QEMU compatible instruction definitions in Tiny Code Generators (TCG) are produced by:
1. Generating `C++` code from instruction definitions in the UDB (`scripts/udb-to-cpp.py`), extra `C++` types and operators are defined in `cpp-templates/`;
2. Producing `LLVM IR` using `clang` (version 10-14), from the `C++` code;
3. Producing TCG using `helper-to-tcg` from the `LLVM IR`.

### Instruction Decoding

QEMU can already generate C code for decoding instructions from its own `decodetree` format. Mapping of UDB instruction encodings to QEMUs `decodetree` format is straight forward and carried out with the `scripts/udb-to-decodetree.py` script.

In QEMU decoding for instruction execution, and decoding for disassembly is slightly different and requires two separate functions to be provided per instruction. These extra functions are generated with `scripts/udb-to-trans.py`.

Lastly, some glue code needs to be generated to interface with the existing disassembler and fill out formatting information, this is generated by `scripts/udb-to-disas.py`.

### Control and Status Registers (CSRs)

Mapping from UDB CSRs to QEMU CSRs is done by `scripts/udb-to-csr.py` and produces code for defining/accessing CSRs along with extension and privilege mode checks.

### Instruction Tests

The main idea is to rely on the [KLEE](https://klee-se.org/) symbolic execution engine to collect tests for code coverage per-instruction. If dummy-branches are inserted to check for over-/underflow in overloaded operators (`cpp-templates/base-operators.h` with `KLEE_INPUT` and `OP_CHECK_OVERFLOW` defined), KLEE will produce tests covering these branches as well. This is the main procedure used to create edge case tests for arithmetic, load, store, and branching operations.

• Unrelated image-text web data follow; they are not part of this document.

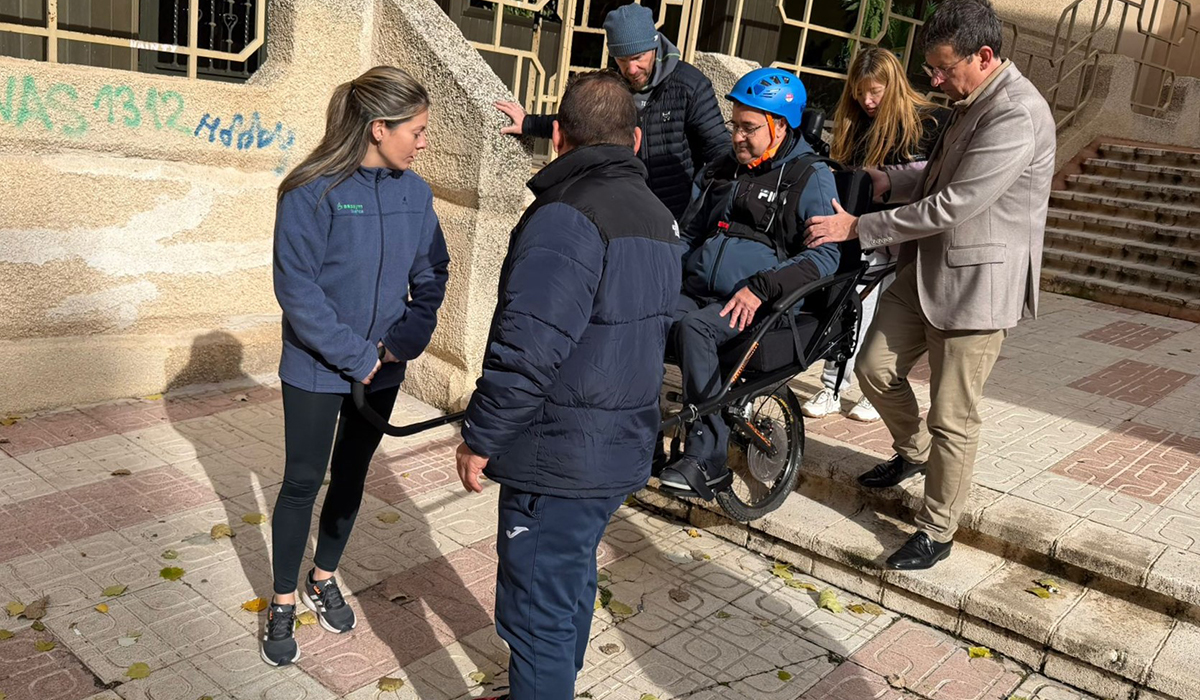 El delegado de Educación, Cultura y Deporte visita ASPAYM Cuenca y participa en una demostración de la silla Joëlette
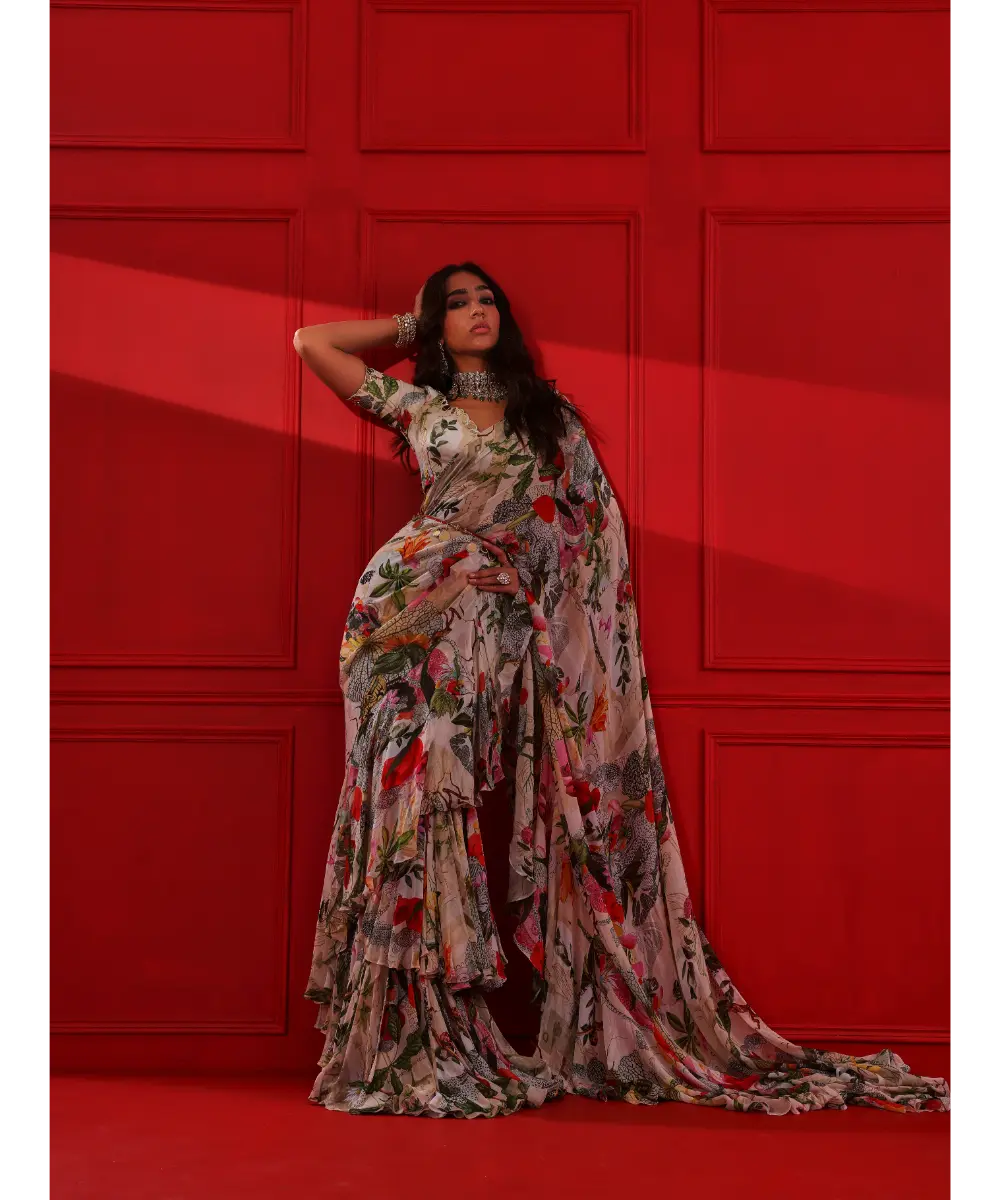 MAHIMA MAHAJAN - Amina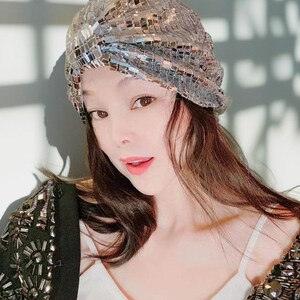 Turbante de lentejuelas plateadas con diseño floral en 3D, pañuelo para la cabeza brillante hecho a mano, regalo de noche, pañuelo suave para fiestas, bodas y ocasiones formales. Classic style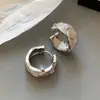 Brincos Europeus e Americanos com Padrão de Diamante Martelado para Mulheres 2026 Novo Estilo Popular Brincos de Argola de Alta Qualidade Design de Nicho de Luxo Leve Presilhas de Orelha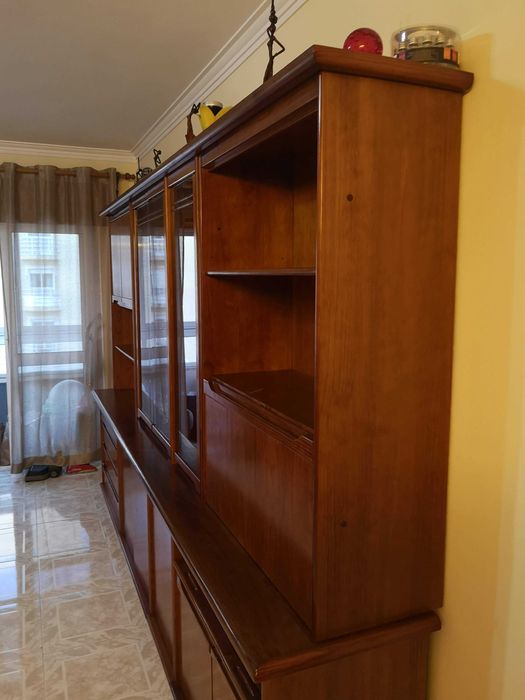 Armario com vitrine e bar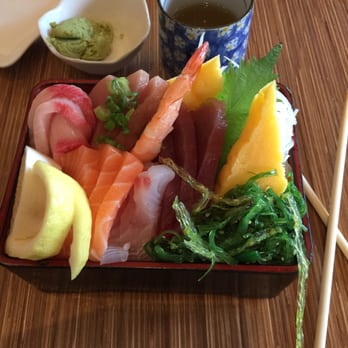 Zakuro - Chirashi. So yummy! - Sushi Bars Near Me - Lincoln, California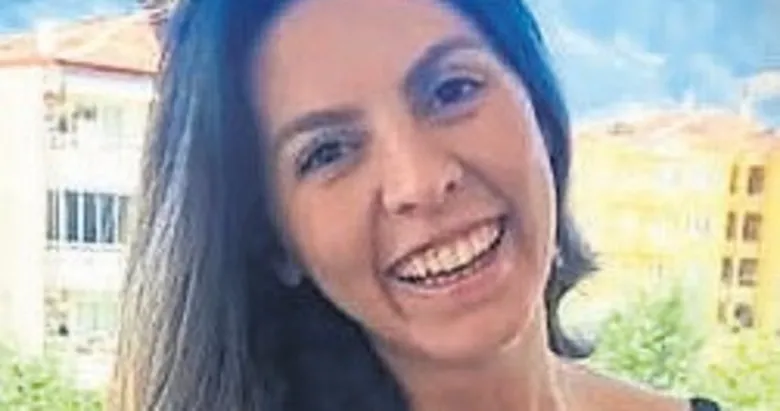 Otomobilin çarptığı genç kadın kurtarılamadı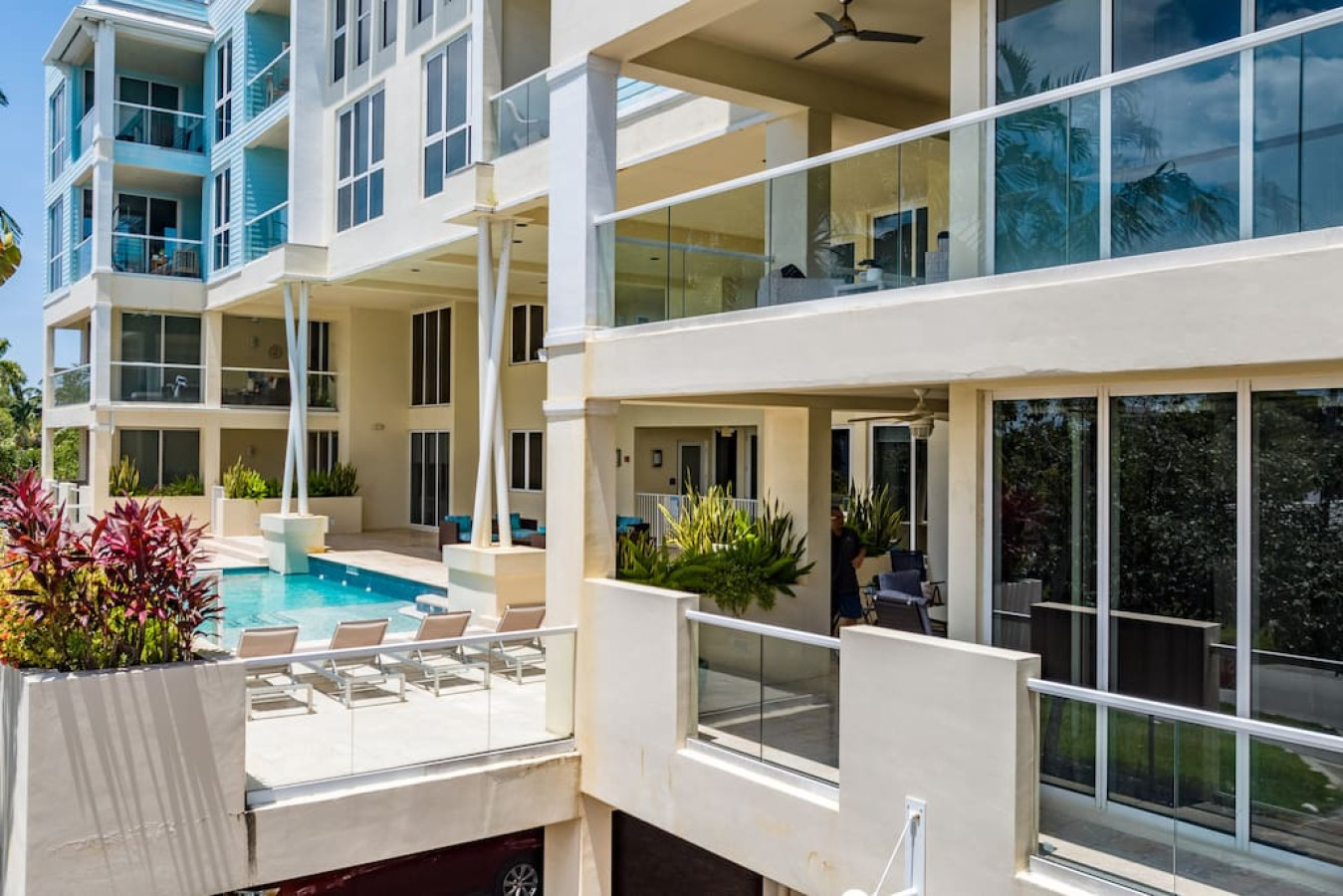 Coastal Condo Retreat: 3BR 2.5BA in Deerfield - Deerfield Beach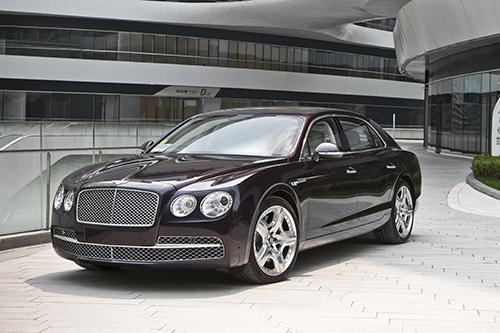 Plain Flying 2015 Bentley Flying Spur Media Gallery To 2018 Bentley Flying Spur 2018 bentley flying spur. Plain Flying 2015 Bentley Flying Spur Media Gallery To 2018 Bentley Flying Spur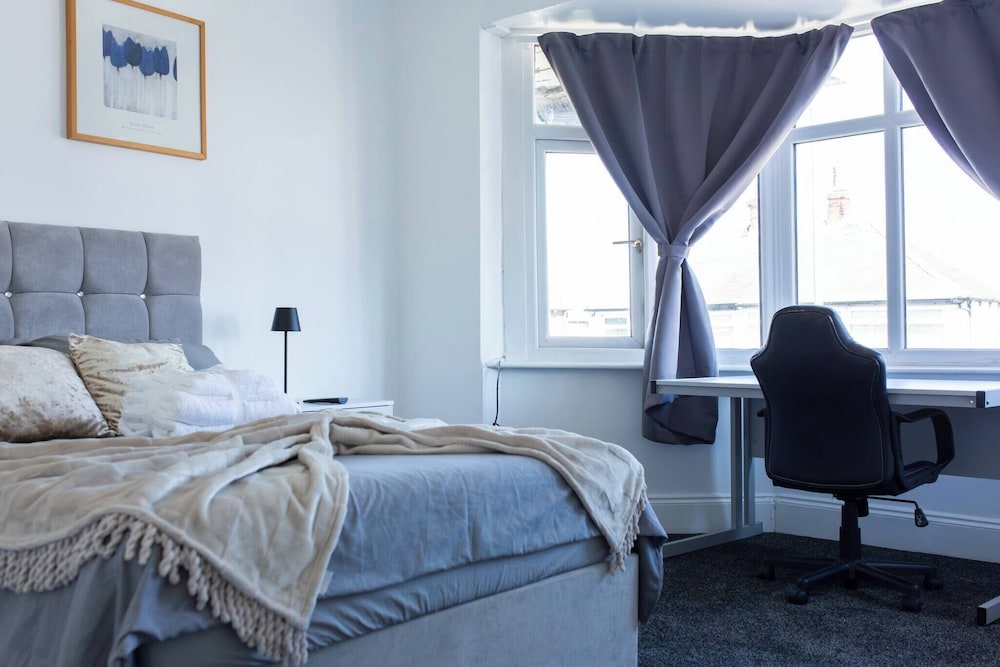 Cozy 3 Bedroom Home in Leeds, Perfect for Families and Groups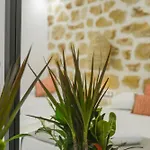 아파트호텔 Katerina Roza - Heartfelt Hospitality In The 4*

KLEE requires `LLVM IR` as input, which is generated from `scripts/udb-to-klee.py` to produce `C++` along with `clang++` for `LLVM IR`. Running KLEE on the `LLVM IR` produces tests for coverage, and running these tests produces a `YAML` file of expected inputs/outputs per instruction, which are later used to produce raw binary tests using `scripts/assemble.py` and `C` inline assembly tests using (`scripts/c.py`), the latter requires a toolchain with assembly support to actually use.